Requirements#
NVIDIA Cloud Native Stack
To deploy NVIDIA Cloud Native Service Add-on Pack, the following requirements must be met:
- Kubernetes
This section of the guide focuses on deploying the add-on pack on an NVIDIA AI Enterprise-supported Cloud Native Stack instance. See the next section for more information on how to deploy and set up an example NVIDIA Cloud Native Stack instance.
Note
The NVIDIA Cloud Native Stack deployment using upstream Kubernetes should be used for evaluation and development purposes only. It is not designed for production use.
- GPU Operator
NVIDIA GPU Operator should be deployed on the K8S cluster to enable GPUs to be available for use within the cluster. NVIDIA Cloud Native Stack will deploy and set up the GPU Operator as a part of the installation.
- Networking
Ports
This guide assumes that the cluster will be externally accessible through port 443 for ingress. Additional ports may be required for your specific use case.
DNS/Domain Name
The K8S cluster requires a fully qualified domain name(FQDN) with a wildcard DNS entry that is resolvable within and outside of the network the cluster is located in.
A wildcard DNS A record must be created for the cluster in addition to the DNS A record for the cluster itself. Reverse lookup PTR records should also exist for both entries when possible.

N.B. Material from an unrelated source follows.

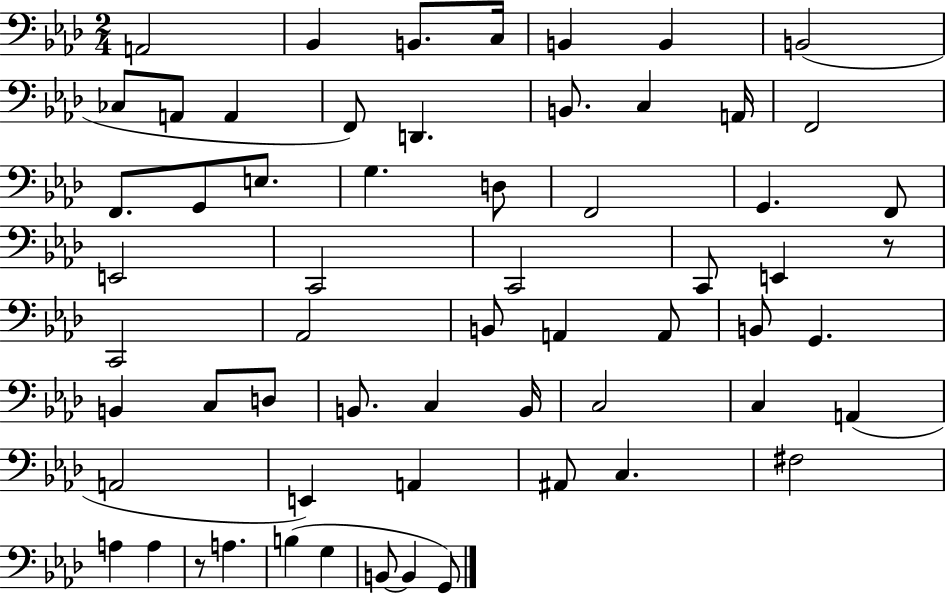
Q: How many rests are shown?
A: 2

An example wildcard FDQN may look like the following:
*.my-cluster.my-domain.com.
Make a note of this FQDN for later use.An example of how to configure the domain and DNS for the cluster using Amazon Route 53 can be found in the Appendix.
Note
If the DNS entries are only resolvable within a local network, such as within a corporate domain, and not directly resolvable by the cluster, a manual reverse lookup entry can be made in /etc/hosts on the cluster for the cluster IP to point to various required ingress hostnames as a workaround. An example hosts file is provided below.

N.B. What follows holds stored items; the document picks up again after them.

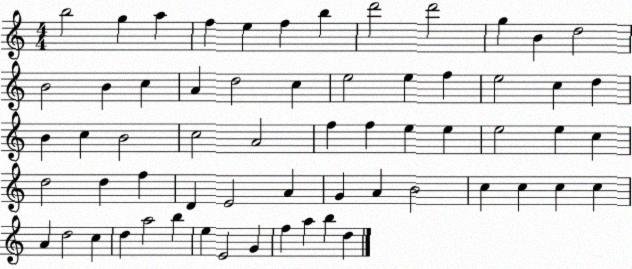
X:1
T:Untitled
M:4/4
L:1/4
K:C
b2 g a f e f b d'2 d'2 g B d2 B2 B c A d2 c e2 e f e2 c d B c B2 c2 A2 f f e e e2 e c d2 d f D E2 A G A B2 c c c c A d2 c d a2 b e E2 G f a b d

127.0.0.1 system.domain.com 127.0.0.1 auth.system.domain.com 127.0.0.1 dashboards.system.domain.com
More ingress rules may be required depending on the workflow.
Note
If the cluster contains multiple nodes, a load balancer must be created to balance requests across the cluster nodes. The DNS entries should point to the load balancer, not to the cluster nodes.
- Storage
A storage class must be available on the K8S cluster for the Cloud Native Service Add-on Pack to be configured to use. For this example, Local Path Provisioner will be used. Instructions are provided in the next section.
- NVIDIA AI Enterprise
Since NVIDIA AI Workflows are available on NVIDIA NGC for NVIDIA AI Enterprise software customers, you must have access to the following to pull down the resources which are required for the workflow:
NGC CLI
Note
NVIDIA AI Enterprise trial licenses are available for those who qualify.
Warning
NVIDIA AI Enterprise licensing is required for accessing AI Workflow resources.
Note
Cloud service providers may include licenses through on-demand NVIDIA AI Enterprise instances.